Locate "Thumbnail: 2018 Chevrolet Volt - 2" in the data below, then output the line it is on and all following lines through the last, word for word. Skip any pictures.
++++ Available records ++++
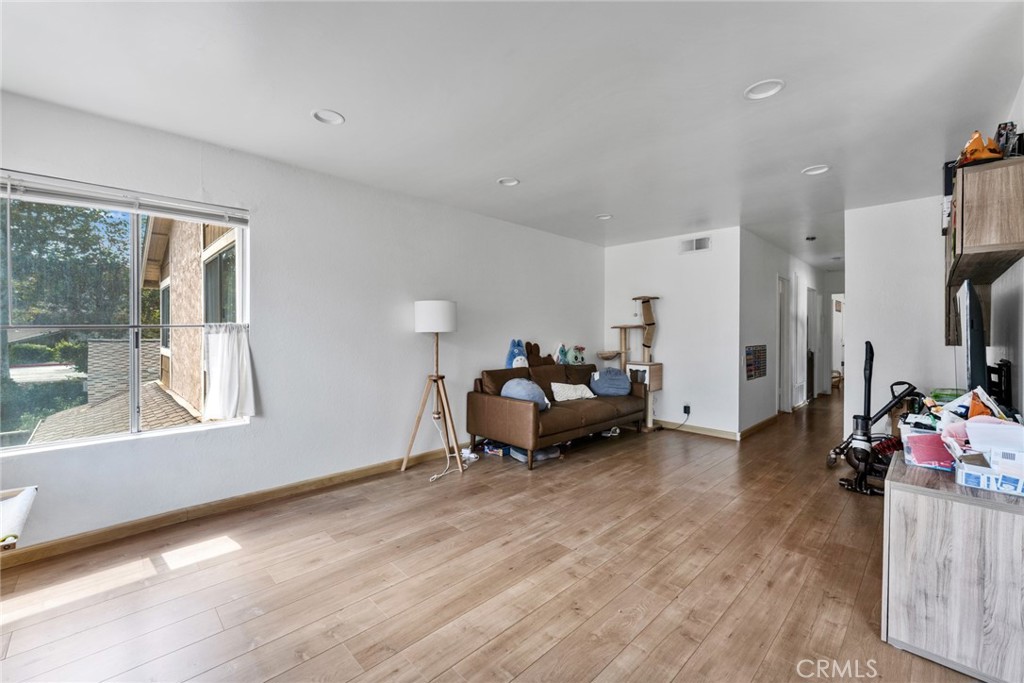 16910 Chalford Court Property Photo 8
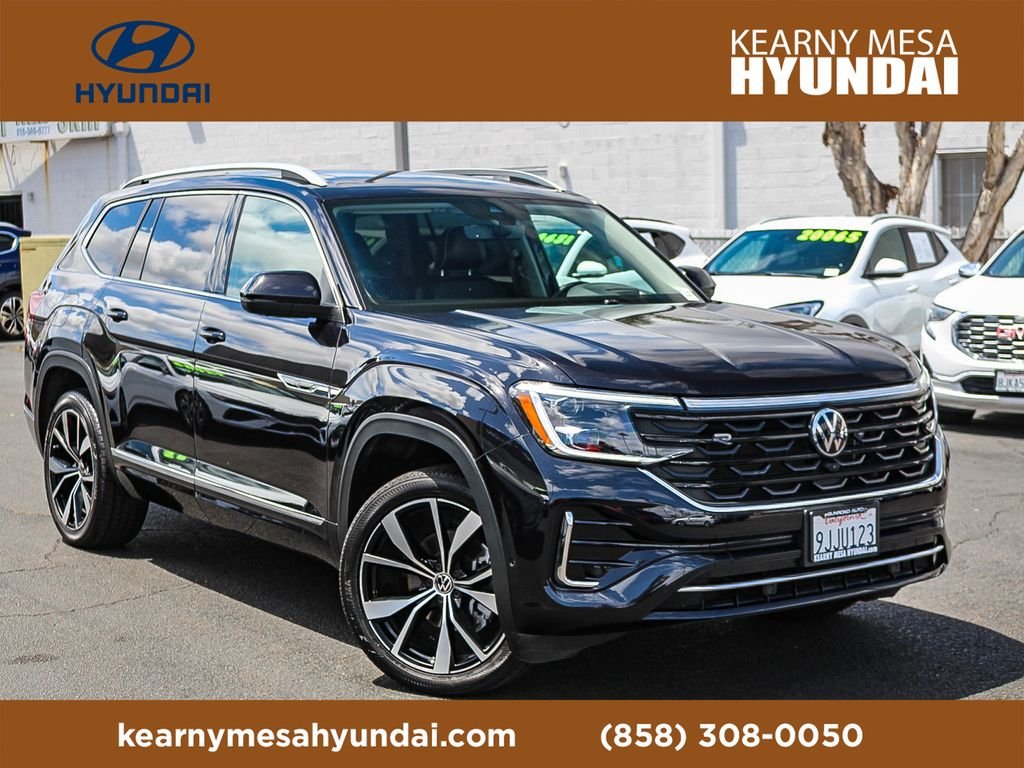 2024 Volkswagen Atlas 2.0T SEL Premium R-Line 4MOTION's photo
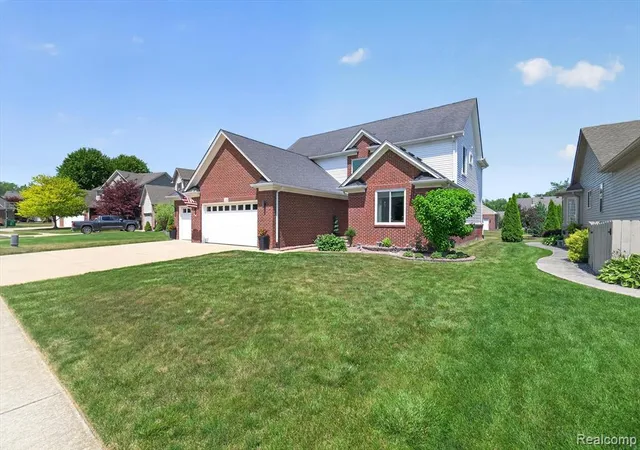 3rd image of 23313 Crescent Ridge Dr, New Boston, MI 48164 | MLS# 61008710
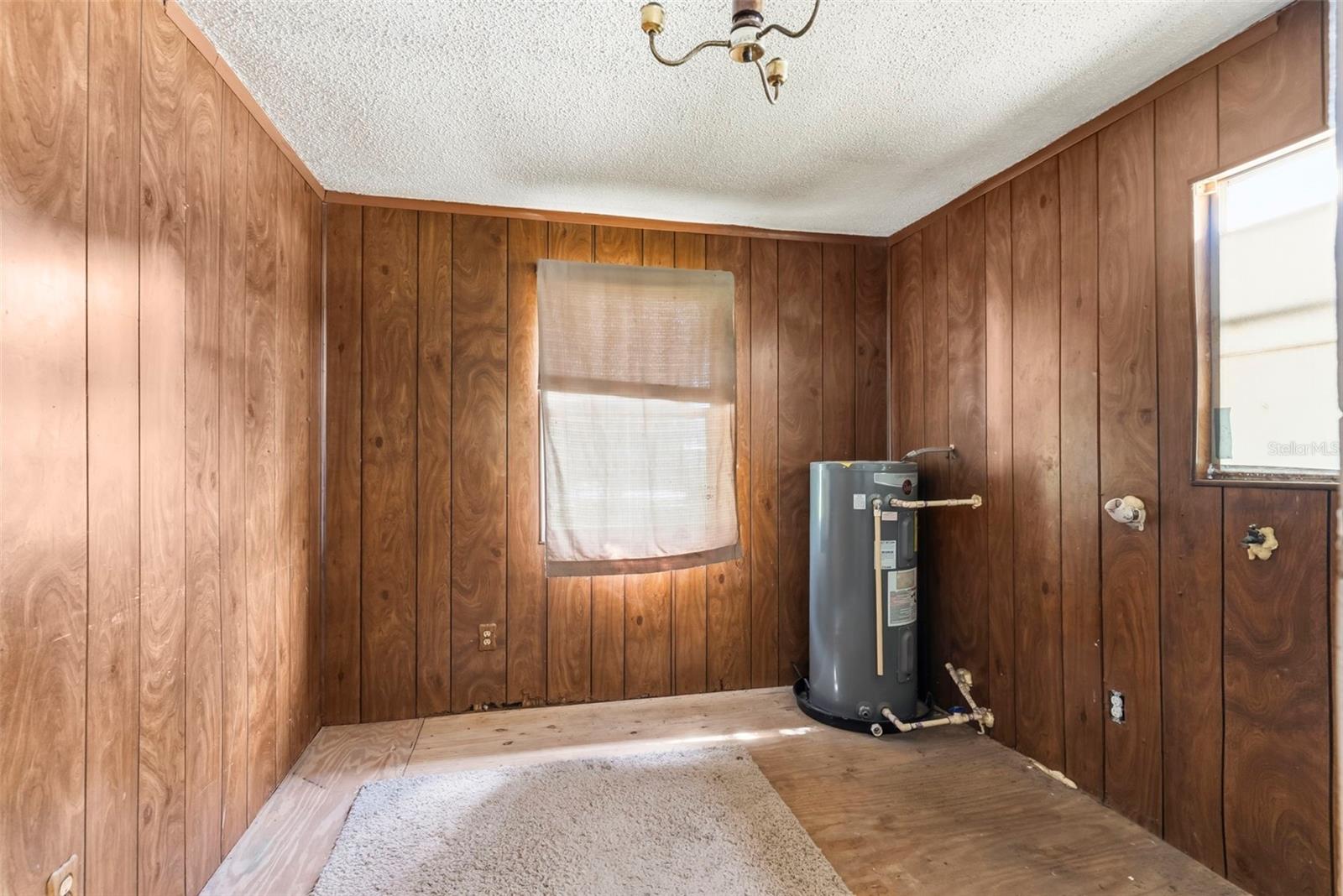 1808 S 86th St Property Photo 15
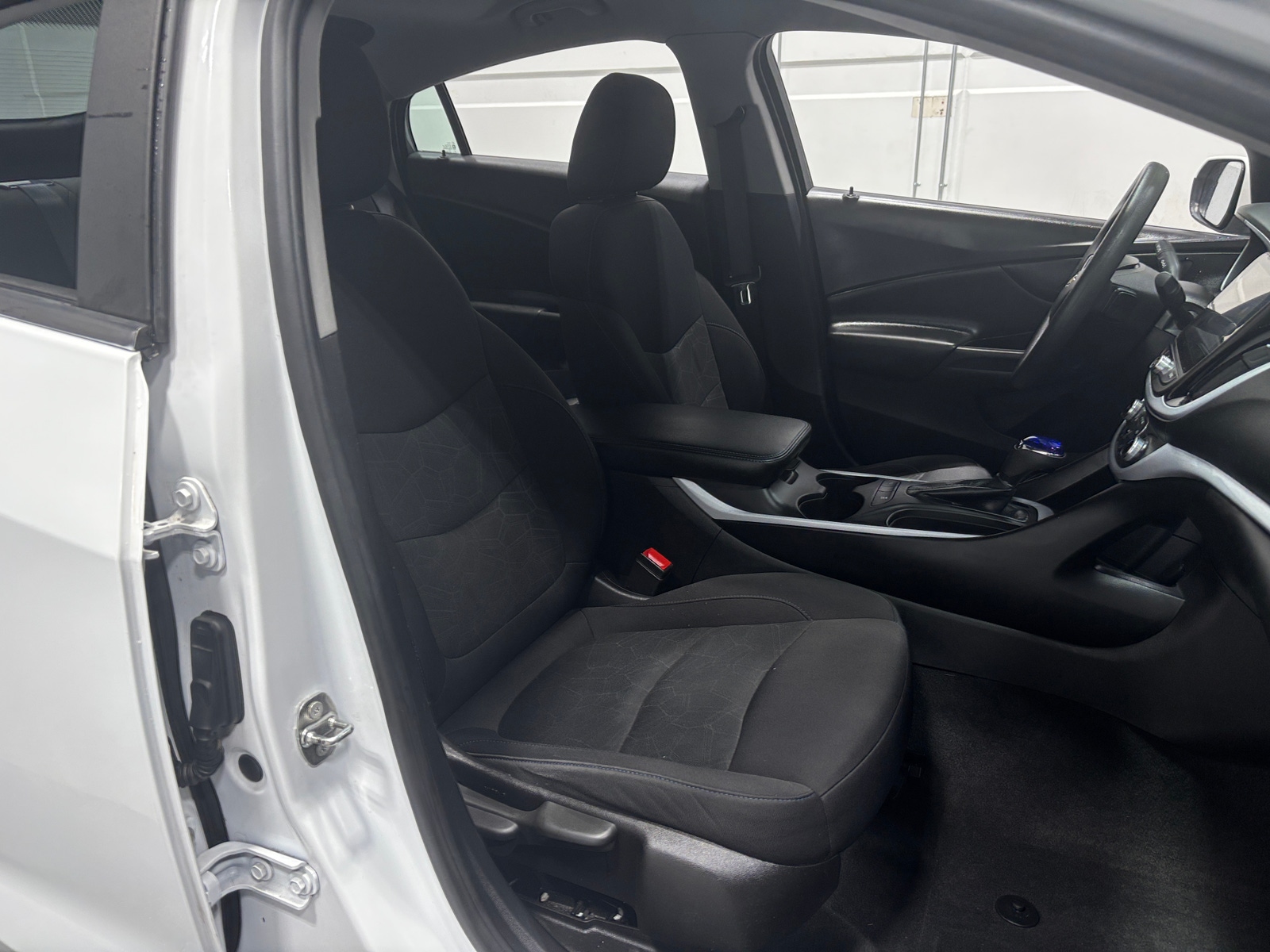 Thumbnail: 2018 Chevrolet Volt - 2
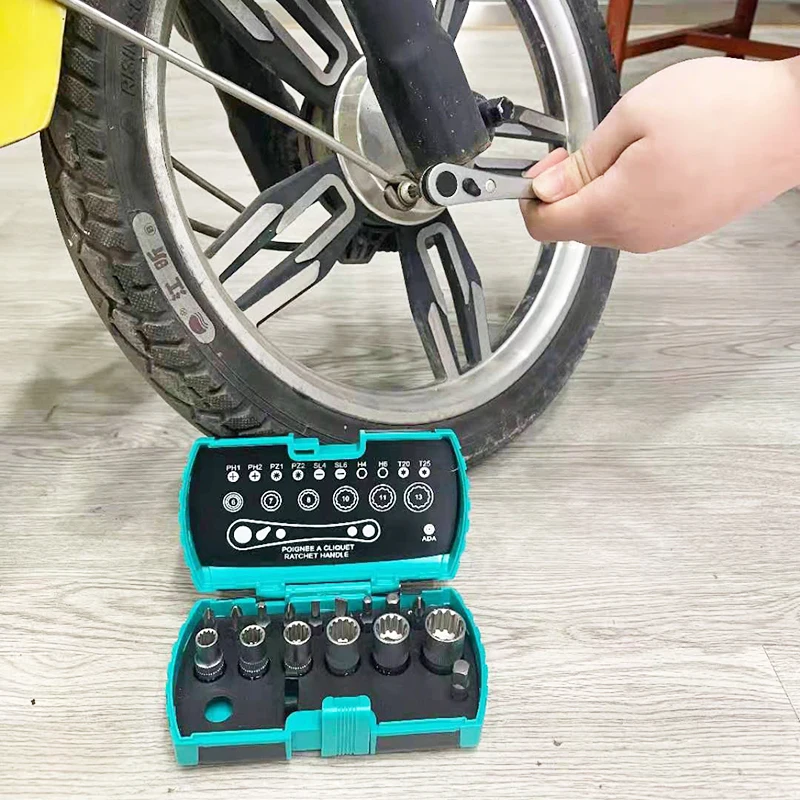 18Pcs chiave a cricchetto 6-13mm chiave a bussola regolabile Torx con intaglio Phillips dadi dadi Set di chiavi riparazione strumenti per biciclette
++++
Output:
 Thumbnail: 2018 Chevrolet Volt - 2
 18Pcs chiave a cricchetto 6-13mm chiave a bussola regolabile Torx con intaglio Phillips dadi dadi Set di chiavi riparazione strumenti per biciclette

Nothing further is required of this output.